* [INSTRUCTIONS TO FOLLOW]
Could you write out the listing below exactly as it stands, leaving out the pictures?

Segment Start: INFORMATION PROVIDED

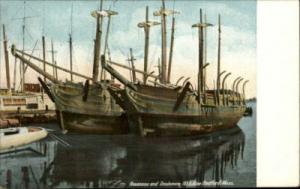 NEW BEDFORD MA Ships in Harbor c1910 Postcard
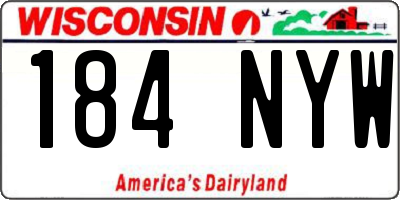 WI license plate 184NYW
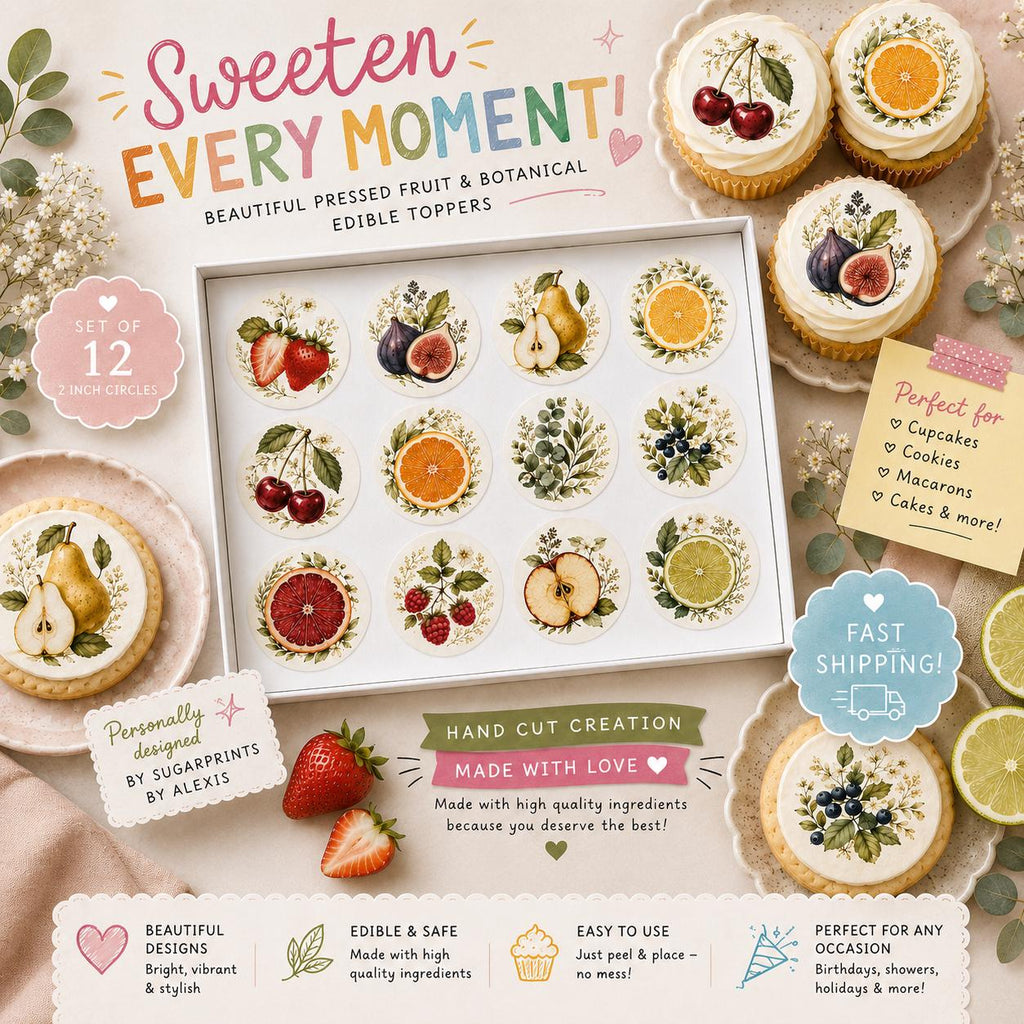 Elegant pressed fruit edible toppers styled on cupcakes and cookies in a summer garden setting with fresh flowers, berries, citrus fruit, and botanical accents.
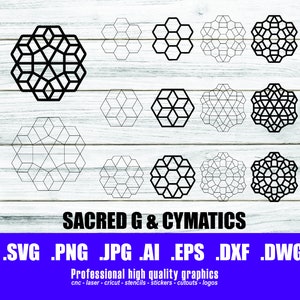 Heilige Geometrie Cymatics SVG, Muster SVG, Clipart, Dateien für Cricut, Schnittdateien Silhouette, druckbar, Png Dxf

Segment End: INFORMATION PROVIDED

* [ANSWER BOX]
 NEW BEDFORD MA Ships in Harbor c1910 Postcard
 WI license plate 184NYW
 Elegant pressed fruit edible toppers styled on cupcakes and cookies in a summer garden setting with fresh flowers, berries, citrus fruit, and botanical accents.
 Heilige Geometrie Cymatics SVG, Muster SVG, Clipart, Dateien für Cricut, Schnittdateien Silhouette, druckbar, Png Dxf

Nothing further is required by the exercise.